ACTION ITEM: Count lines, not occurrences: report how many lines in the records hold the string "Smiling", and nothing else.

SOURCE MATERIAL:

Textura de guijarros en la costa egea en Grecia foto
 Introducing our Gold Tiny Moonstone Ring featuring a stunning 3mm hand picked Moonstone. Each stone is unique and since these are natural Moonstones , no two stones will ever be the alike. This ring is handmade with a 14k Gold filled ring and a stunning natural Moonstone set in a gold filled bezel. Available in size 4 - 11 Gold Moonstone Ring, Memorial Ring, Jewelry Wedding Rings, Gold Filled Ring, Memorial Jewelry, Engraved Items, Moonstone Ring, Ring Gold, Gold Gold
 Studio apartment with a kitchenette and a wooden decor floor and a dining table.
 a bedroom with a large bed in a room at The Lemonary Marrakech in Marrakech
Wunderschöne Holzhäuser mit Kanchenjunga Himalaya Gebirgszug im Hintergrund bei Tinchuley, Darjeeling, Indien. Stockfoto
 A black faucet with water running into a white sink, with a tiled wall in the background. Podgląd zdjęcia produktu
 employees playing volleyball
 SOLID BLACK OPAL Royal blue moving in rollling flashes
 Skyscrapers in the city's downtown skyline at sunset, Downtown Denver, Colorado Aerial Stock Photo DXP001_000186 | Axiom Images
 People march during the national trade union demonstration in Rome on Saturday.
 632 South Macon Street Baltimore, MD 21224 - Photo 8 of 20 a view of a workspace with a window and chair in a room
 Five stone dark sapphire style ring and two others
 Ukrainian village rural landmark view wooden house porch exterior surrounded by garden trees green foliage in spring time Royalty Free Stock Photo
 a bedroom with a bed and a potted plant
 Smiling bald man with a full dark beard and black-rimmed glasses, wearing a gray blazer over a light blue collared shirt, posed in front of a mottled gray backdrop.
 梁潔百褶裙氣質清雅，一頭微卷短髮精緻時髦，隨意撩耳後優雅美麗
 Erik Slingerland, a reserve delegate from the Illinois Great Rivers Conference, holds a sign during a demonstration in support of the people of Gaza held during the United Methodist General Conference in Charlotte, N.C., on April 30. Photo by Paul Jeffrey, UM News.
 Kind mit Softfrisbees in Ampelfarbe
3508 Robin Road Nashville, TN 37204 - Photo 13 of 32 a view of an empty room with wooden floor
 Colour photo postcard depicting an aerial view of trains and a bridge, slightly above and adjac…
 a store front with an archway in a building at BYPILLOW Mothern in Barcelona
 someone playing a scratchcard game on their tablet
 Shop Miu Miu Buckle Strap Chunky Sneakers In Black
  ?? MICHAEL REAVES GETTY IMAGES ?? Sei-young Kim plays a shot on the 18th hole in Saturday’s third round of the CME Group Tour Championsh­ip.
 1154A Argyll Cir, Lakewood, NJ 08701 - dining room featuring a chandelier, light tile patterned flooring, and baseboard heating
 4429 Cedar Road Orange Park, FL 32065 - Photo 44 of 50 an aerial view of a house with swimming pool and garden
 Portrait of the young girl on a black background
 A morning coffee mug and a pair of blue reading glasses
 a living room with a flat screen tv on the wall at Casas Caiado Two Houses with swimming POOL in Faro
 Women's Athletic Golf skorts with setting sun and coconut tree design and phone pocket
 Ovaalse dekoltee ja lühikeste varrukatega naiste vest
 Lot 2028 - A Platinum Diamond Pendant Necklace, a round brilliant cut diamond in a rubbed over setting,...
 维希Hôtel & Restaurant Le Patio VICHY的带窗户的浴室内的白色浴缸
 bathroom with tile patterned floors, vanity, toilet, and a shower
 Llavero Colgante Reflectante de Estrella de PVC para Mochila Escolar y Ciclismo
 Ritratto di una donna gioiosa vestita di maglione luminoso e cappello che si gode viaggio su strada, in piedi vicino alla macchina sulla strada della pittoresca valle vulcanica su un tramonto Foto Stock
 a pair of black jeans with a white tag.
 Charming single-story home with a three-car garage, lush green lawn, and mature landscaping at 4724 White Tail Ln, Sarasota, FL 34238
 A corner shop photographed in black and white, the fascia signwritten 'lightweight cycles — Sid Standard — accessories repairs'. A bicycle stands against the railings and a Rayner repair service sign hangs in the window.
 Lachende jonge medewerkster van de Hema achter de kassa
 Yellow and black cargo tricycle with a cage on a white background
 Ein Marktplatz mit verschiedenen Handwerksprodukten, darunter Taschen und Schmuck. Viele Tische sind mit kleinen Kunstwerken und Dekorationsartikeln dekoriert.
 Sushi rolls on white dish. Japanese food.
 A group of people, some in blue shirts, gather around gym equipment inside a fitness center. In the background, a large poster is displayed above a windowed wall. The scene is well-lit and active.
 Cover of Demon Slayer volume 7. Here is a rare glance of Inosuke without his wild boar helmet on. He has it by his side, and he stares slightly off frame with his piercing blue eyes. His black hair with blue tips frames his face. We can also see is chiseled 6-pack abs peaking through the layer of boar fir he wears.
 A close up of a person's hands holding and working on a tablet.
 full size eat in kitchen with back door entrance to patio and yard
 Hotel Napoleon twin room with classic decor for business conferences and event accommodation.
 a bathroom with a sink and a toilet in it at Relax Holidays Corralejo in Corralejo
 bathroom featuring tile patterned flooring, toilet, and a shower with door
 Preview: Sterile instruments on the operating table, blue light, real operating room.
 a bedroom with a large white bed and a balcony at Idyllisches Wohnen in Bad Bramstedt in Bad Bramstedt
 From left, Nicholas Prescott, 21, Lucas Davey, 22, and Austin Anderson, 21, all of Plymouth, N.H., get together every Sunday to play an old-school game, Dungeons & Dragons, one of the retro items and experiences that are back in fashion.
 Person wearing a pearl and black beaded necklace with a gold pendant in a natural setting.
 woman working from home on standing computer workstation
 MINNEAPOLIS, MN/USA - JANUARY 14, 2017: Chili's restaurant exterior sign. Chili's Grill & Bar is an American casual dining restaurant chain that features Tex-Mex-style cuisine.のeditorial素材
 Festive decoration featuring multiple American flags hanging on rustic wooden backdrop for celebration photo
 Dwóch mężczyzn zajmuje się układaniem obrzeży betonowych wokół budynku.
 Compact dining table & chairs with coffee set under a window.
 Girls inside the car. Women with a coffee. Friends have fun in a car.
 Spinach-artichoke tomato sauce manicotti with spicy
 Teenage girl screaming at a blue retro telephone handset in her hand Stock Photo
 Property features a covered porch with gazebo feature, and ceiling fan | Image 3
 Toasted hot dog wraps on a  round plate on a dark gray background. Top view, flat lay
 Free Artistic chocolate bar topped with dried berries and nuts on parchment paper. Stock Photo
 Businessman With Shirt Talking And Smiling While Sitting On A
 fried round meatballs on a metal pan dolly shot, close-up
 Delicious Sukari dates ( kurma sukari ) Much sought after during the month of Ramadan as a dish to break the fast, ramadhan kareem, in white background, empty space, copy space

SOLUTION BELOW: 2